§ Prompt: Each line below that contains "with" should be counted; give the total alone.

[Stored dataset items]

::::::

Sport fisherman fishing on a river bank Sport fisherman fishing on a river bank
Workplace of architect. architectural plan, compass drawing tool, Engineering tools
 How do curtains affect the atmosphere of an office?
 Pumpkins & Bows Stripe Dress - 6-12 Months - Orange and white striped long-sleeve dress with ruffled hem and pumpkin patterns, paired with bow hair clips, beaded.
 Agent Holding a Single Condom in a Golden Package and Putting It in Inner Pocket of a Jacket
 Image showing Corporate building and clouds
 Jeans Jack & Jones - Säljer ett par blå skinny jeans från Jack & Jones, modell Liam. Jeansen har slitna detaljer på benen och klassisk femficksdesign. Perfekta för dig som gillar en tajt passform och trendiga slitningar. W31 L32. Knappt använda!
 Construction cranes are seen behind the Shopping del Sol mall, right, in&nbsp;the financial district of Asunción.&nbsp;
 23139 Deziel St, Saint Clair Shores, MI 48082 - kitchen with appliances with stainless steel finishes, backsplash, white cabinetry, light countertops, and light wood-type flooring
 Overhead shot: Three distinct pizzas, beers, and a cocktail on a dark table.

::::::

§ Final answer: 2